# The Strange Magic of: Lothar and the Hand People



## KenOC (Mar 7, 2011)

Well yeah, they were usually pretty horrible. But I liked this one.


----------



## Antiquarian (Apr 29, 2014)

I can't help but feel the most appropriate setting to listen to this music is a black light illuminated room with phosphorescent posters of cannabis and toadstools, with perhaps a lava lamp or two and one of those fibre optic lamps that change colours. Oh, and velvet bean bag chairs on shag carpet, with the heavy smell of weed and cheap malt liquor permeating everything.


----------



## KenOC (Mar 7, 2011)

So you've been to my place? I don't remember that, but maybe that's not surprising, if you know what I mean. :lol:


----------



## Jay (Jul 21, 2014)

I prefer _Presenting_ to _Space Hymn_.


----------



## Weird Heather (Aug 24, 2016)

Antiquarian said:


> I can't help but feel the most appropriate setting to listen to this music is a black light illuminated room with phosphorescent posters of cannabis and toadstools, with perhaps a lava lamp or two and one of those fibre optic lamps that change colours. Oh, and velvet bean bag chairs on shag carpet, with the heavy smell of weed and cheap malt liquor permeating everything.

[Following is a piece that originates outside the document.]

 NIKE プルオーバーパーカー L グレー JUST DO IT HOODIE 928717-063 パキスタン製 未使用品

I couldn't think of a better setting. I might just add one thing - the shag carpet has to be filthy. (But perhaps that doesn't need to be added. Shag carpet is impossible to clean and is therefore always filthy.) And maybe one other thing - the bean bag chairs must be leaky; a bean bag chair that isn't slowly leaking its contents onto the floor just isn't a proper bean bag chair.

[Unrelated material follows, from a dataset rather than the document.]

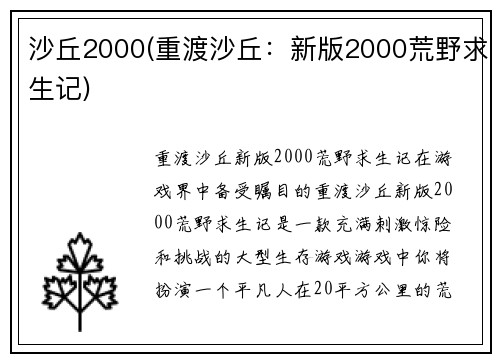 沙丘2000(重渡沙丘：新版2000荒野求生记)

I haven't thought about them in a long time, and this thread just reminded me. Many, many years ago, I heard their recording of "Bye Bye Love" on a radio program, and I just had to hear more, so I had to buy a CD. To my ear, it sounds about like what might have happened if the Everly Brothers had taken a few questionable drugs before making their classic recording. I just had to listen to it and was happy to experience the weirdness again after all these years. Unfortunately, I don't have any filthy shag carpet, leaky bean bag chairs, or weed, so I can't come up with the proper atmosphere.


----------



## JohnD (Jan 27, 2014)

Jay said:


> I prefer _Presenting_ to _Space Hymn_.


I also prefer "Presenting".


----------